Many of the examples that spring to mind (video games, sightseeing, Snapchat filters) are consumer-oriented, but there are enormous opportunities for industrial enterprises as well.

In fact, Augmented Reality is an especially fast-growing sector in the global economy, part of the larger digital transformation journey that many companies have undertaken during the past couple of decades.

Within Augmented Reality, two of the most important recent developments – and two key factors driving that growth mentioned above – are digital twins and digital threads.

A digital twin is a virtual representation of a physical product or process. A digital thread takes the concept one step further, connecting and integrating data across enterprise systems for a single source of truth.

For large organizations with significant footprints across the globe, the benefits are clear.

Through digital twin and digital thread technology, companies glean more insight into the health and performance of all operations, enabling them to improve consistency, collaboration and alignment across teams. Digital twins and digital thread also help improve remote monitoring, leading to better predictive maintenance.

When combined with augmented reality, digital twins and digital thread become even more valuable.

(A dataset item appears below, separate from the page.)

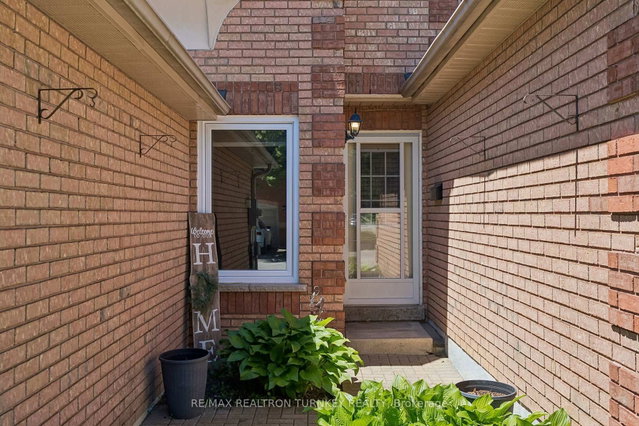 877 Playter Crescent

Together, they provide front-line workers with the resources to learn quicker while minimizing errors, which protects margins. In an environment where travel is restricted (this year) or factories want to quickly ramp up production to make up for lost time (next year), these capabilities are all the more critical.

If that all sounds a little abstract, here’s an illustrative example from Howden, which uses PTC technology:

Local service teams use tablets and mobile devices to communicate with remote product experts. When a problem emerges, the product teams can triage complications and troubleshoot issues in real time via shared video and audio from the support team. Experts see exactly what the services team is looking at and can provide instructions by drawing digital annotations on the shared, real-world environment. Because these digital annotations are anchored to the technician’s view, multi-step solutions are easy to follow and greatly reduce the potential for mistakes and miscommunication.

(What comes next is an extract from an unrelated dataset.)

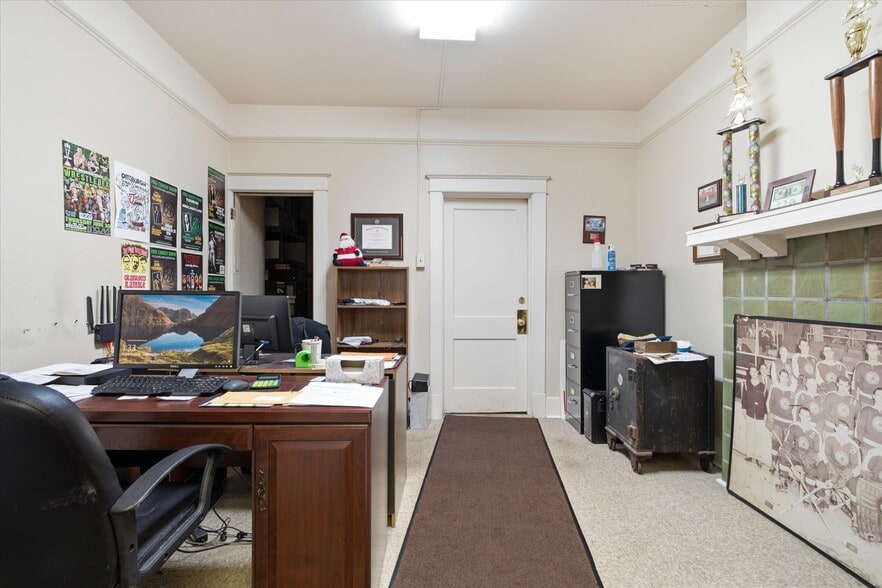 More Photos Of 4729 Liberty Ave, Pittsburgh Storefront Retail Office For Sale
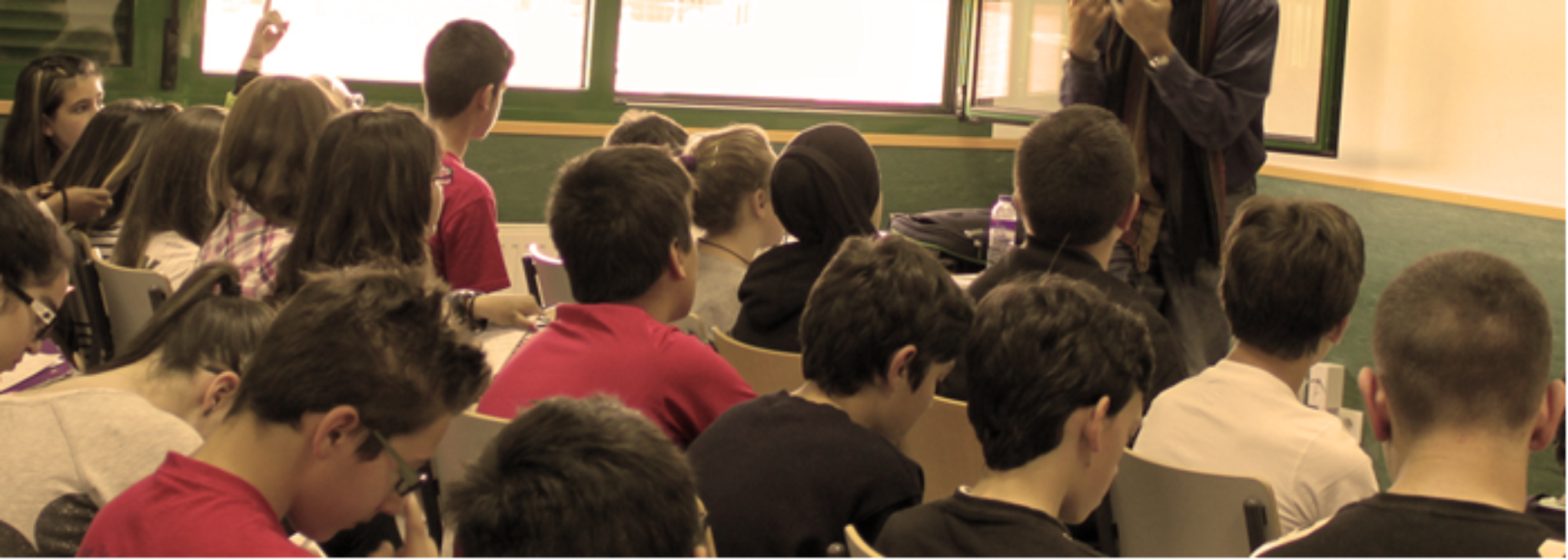 Imagen de alumnado realizando las Evaluaciones de Educación Secundaria Obligatoria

These are some of the most common use cases for AR and digital twins:

  • Frontline Work Enablement – representing 75% of the global workforce, these professionals need a way to bring digital data into their day-to-day. By 2025, there will be close to 60 million active users of AR across a broad range of industries.
  • Quality Assurance – Training new operators on complex inspection procedures using traditional methods can take a significant amount of time. AR equips technicians and operators with a single source of truth using the latest products and machine configurations for real-time support.
  • Product Differentiation – The pace of new product introduction, change and competition has never been faster. Digital twins and AR can play a significant role in improved lifecycle management, training and support, as demonstrated by the Howden case study.
  • Process Efficiency – Often times, deploying or modifying a product line involves collaborating with many different partners in different places. With AR and digital threads, it’s easier to bring design contributions together and create a design for the entire line, rather than doing it piecemeal.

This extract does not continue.